KATA PENGANTAR................................................................................................... ii
DAFTAR IS..................................................................................................................... iii
BAB           I        PENDAHULUAN
A.    Latar Belakang................................................................................ 1
B.     Rumusan Masalah........................................................................... 1
C.     Tujuan............................................................................................. 1

BAB           II      PEMBAHASAN
A.    Pengertian Wakaf............................................................................ 2
B.     Sejarah Wakaf................................................................................. 3
C.     Dasar Hukum Wakaf...................................................................... 4
D.    Prinsip-prinsip Pengelolaan Wakaf................................................. 5
E.     Perkembangan Pengelolaan Harta Wakaf
dibeberapa Negara Muslim............................................................. 6
F.      Profil Lembaga dan Sistem Pengelolaan
Wakaf di Indonesia......................................................................... 7
G.    Rukun Dan Sayarat Wakaf............................................................. 7
H.    Bentuk-bentuk Wakaf..................................................................... 9

BAB           III     PENUTUP
A.    Kesimpulan..................................................................................... 10
B.     Saran dan Kritik.............................................................................. 10

DAFTAR PUSTAKA..................................................................................................... 11





BAB I
PENDAHULUAN

A.    Latar Belakang
Di Indonesia telah mengenal wakaf  baik setelah Islam masuk maupun sebelum Islam masuk. Di tanah jawa, lembaga-lembaga wakaf telah dikenal pada masa Hindu- Buddha yaitu dengan istilah Sima dan Dharma. Akan tetapi lembaga tersebut tidak persis sama dengan lembaga wakaf dalam hukum Islam. Dan peruntukannya hanya pada bidang tanah hutan saja atau berupa tanah saja. Umumnya, wakaf yang dikenal pada masa sebelum Islam atau oleh agama-agama lain diluar Islam hampir sama dengan Islam, yaitu untuk peribadatan.
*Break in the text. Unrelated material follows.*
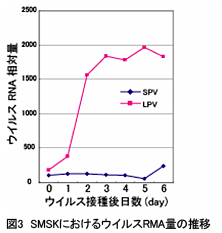 図3 SMSKにおけるウイルスRMA量の推移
Dengan kata lain lambaga wakaf telah dikenal oleh masyarakat pada peradaban yang cukup jauh dari masa sekarang. Namun tujuan utama   dari   wakafnya   yang   berbeda-beda   (untuk   mendapat   pahala,   hanya   untuk masyarakat  umum,  dll). Sedangkan   setelah  masuknya   Islam   istilah   wakaf   mulai dikenal. Menurut (Abdoerraoef) wakaf adalah menyediakan suatu harta benda yang dipergunakan hasilnya untuk kemaslahatan umat. Sehingga ketika wakaf dikenal di Indonesia   juga   mempengaruhi   pengaturan   perwakafan   tanah   di   Indonesia   yang peruntukannya   sebagai   tempat-tempat   peribadatan   dan   sosial   yang   dibuatnya peraturan-peraturan yang lebih khusus mengenai wakaf di era setelah kemerdekaan.
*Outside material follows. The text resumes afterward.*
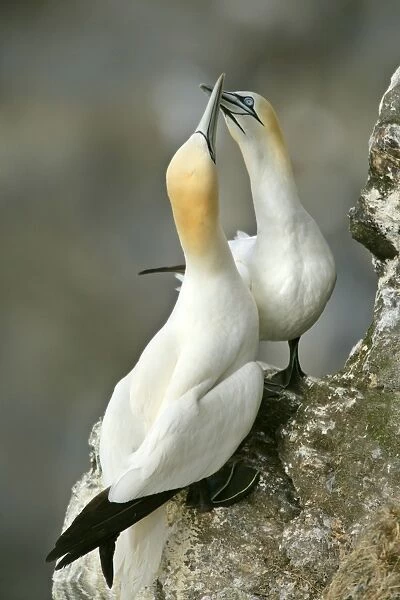 Gannets billing male and female greeting each other by touching their bills together Hermaness Nature Reserve, Unst, Shetland Isles, Scotland, UK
Hal ini dapat dilihat dari UU No. 5 Tahun 1960 (UUPA) yang terdapat pada Pasal 49 tentang Hak-hak tanah untuk keperluan suci dan sosial.

B.     Rumusan Masalah
1.      Apa Pengertian wakaf serta Bagaimana Prinsip – prinsip pengelolaan wakaf?
2.      Aplikasi dan pengelolaan wakaf tunai?
3.      Jelaskan   Peraturan   perwakafan   dan   profil   pengelola   wakaf   serta   prospek

C.    Tujuan
Pemanfaatan wakaf tidak hanya sebatas untuk kegiatan-kegiatan keagamaan dan sosial belaka, namun juga hendaknya dapat dimanfaatkan untuk pengembangan ekonomi yang bersifat makro. Selain itu, dengan dilakukannya investasi terhadap tanah   wakaf. Sehingga   tujuan   dan   manfaat   diadakannya   wakaf   tersebut   dapat terlaksana dengan baik dan benar-benar berguna bagi masyarakat umum.


BAB II
PEMBAHASAN

A.    Pengertian Wakaf
Secara   etimologi,   wakaf   berasal   dari   “Waqf”   yang   berarti   “al-Habs”. Merupakan kata yang berbentuk masdar (infinitive noun) yang pada dasarnya berarti menahan, berhenti, atau diam. Apabila kata tersebut dihubungkan dengan harta seperti tanah, binatang dan yang lain, ia berarti pembekuan hak milik untuk faedah tertentu. Dalam pengertian hukum Islam wakaf adalah melepas kepemilikan atas harta yang dapat   bermanfaat   dengan   tanpa   mengurangi   bendanya   untuk   diserahkan   kepada perorangan atau kelompok (organisasi) agar dimanfaatkan untuk tujuan-tujuan yang tidak bertentangan dengan syari’at. Definisi wakaf menurut ahli fiqh adalah sebagai berikut:

Pertama,   Hanafiyah   mengartikan   wakaf   sebagai   menahan   materi   benda (al-‘ain)   milik   Wakif   dan   menyedekahkan   atau  mewakafkan   manfaatnya   kepada siapapun   yang   diinginkan   untuk   tujuan   kebajikan.   Definisi   wakaf   tersebut menjelaskan bahawa kedudukan harta wakaf masih tetap tertahan atau terhenti di tangan Wakif itu sendiri. Dengan artian, Wakif masih menjadi pemilik harta yang diwakafkannya, manakala perwakafan hanya terjadi ke atas manfaat harta tersebut, bukan termasuk asset hartanya.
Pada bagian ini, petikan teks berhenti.